* **What you should do**
Print the data once more, exactly as supplied.

* **The data**
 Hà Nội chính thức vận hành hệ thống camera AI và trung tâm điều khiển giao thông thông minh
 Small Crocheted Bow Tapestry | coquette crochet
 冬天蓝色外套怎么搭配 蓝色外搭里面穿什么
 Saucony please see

* **Solved exercise**
 Hà Nội chính thức vận hành hệ thống camera AI và trung tâm điều khiển giao thông thông minh
 Small Crocheted Bow Tapestry | coquette crochet
 冬天蓝色外套怎么搭配 蓝色外搭里面穿什么
 Saucony please see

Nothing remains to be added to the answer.